A Japanese traveller came to New Zealand lately, and the first place he made enquiries about was Mount Egmont, the Taranaki of our Maoris. He had heard that its beauty rivalled that of his own sacred mountain. And he was anxious to know from what point it could best be viewed.

The Japanese visitor had the soul of an artist and a poet, like so many of his countrymen. A grand mountain was a place to be approached with care, and something like reverence, so that it could come upon the vision for the first time in fitting surroundings, and from an aspect that would bring out to the full its beauty and majesty.

Such a mountain as Taranaki is not a mere pile of upheaved rock and earth, it carries to the imagination an impression of life and force, and especially so when one remembers its volcanic origin.

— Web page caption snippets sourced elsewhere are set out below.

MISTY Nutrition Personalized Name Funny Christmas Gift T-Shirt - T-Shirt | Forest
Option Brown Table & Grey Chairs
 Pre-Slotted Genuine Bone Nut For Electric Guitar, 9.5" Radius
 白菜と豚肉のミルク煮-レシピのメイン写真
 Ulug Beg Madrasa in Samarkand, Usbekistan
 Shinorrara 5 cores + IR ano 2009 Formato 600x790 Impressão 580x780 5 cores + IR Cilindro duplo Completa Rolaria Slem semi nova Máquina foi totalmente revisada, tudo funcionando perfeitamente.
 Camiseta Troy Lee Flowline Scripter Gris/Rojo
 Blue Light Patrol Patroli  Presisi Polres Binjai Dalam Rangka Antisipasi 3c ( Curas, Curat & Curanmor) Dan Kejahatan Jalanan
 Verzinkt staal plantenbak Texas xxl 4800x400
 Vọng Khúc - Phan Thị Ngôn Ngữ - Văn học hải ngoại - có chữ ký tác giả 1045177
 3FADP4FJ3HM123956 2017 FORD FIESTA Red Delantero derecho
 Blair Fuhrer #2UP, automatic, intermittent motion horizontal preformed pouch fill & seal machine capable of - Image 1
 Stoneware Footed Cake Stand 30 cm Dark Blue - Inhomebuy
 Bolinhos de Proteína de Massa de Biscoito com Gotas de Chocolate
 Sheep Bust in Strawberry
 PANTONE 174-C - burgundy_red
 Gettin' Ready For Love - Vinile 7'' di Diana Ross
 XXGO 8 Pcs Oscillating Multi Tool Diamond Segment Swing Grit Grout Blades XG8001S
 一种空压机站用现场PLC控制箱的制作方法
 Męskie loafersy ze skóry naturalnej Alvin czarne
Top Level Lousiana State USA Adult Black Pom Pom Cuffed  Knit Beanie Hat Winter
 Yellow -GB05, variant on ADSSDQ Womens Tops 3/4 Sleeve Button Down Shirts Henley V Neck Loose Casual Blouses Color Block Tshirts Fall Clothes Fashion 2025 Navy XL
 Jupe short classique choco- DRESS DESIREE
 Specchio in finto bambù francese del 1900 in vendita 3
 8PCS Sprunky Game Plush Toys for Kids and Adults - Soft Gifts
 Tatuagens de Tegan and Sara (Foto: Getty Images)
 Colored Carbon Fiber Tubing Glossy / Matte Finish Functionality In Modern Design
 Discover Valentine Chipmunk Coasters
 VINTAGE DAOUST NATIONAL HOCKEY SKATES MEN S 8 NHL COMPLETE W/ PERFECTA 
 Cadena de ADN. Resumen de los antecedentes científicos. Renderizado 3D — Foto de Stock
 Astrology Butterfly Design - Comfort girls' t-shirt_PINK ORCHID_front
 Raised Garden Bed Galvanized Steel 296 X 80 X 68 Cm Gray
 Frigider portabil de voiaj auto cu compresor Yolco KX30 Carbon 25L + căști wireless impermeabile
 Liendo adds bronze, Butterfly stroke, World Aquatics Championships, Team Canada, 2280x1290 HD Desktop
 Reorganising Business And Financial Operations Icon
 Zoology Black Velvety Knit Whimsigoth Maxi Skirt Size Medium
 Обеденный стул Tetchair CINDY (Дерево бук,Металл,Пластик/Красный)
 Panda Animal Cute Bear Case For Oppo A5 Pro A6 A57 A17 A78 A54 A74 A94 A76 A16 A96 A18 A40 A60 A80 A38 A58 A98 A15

I shall always be glad that my first view of Taranaki mountain was unspoiled by a commonplace foreground. We had been eight days travelling through the King Country and the North Taranaki bush, carrying our swags over the rough trail—it was not even a horse track— that is now the Stratford railway connection route. On the ninth day we were mounted on horses, sent in to the head of the bush road to meet us, and up to within thirty miles of Stratford it was then all dense forest. All at once, as we came to the top of the saddle at Makahu, I saw a snow peak glittering in the mid-day sun, framed between the lofty trees; rising up, up in a glorious flashing cone; it was startling. I had never seen Taranaki before, and there was no thought of the mountain in my mind at the moment, so that it came as a surprise and a wonder; much as it would to a sailor sighting it for the first time some dawn a hundred miles out at sea.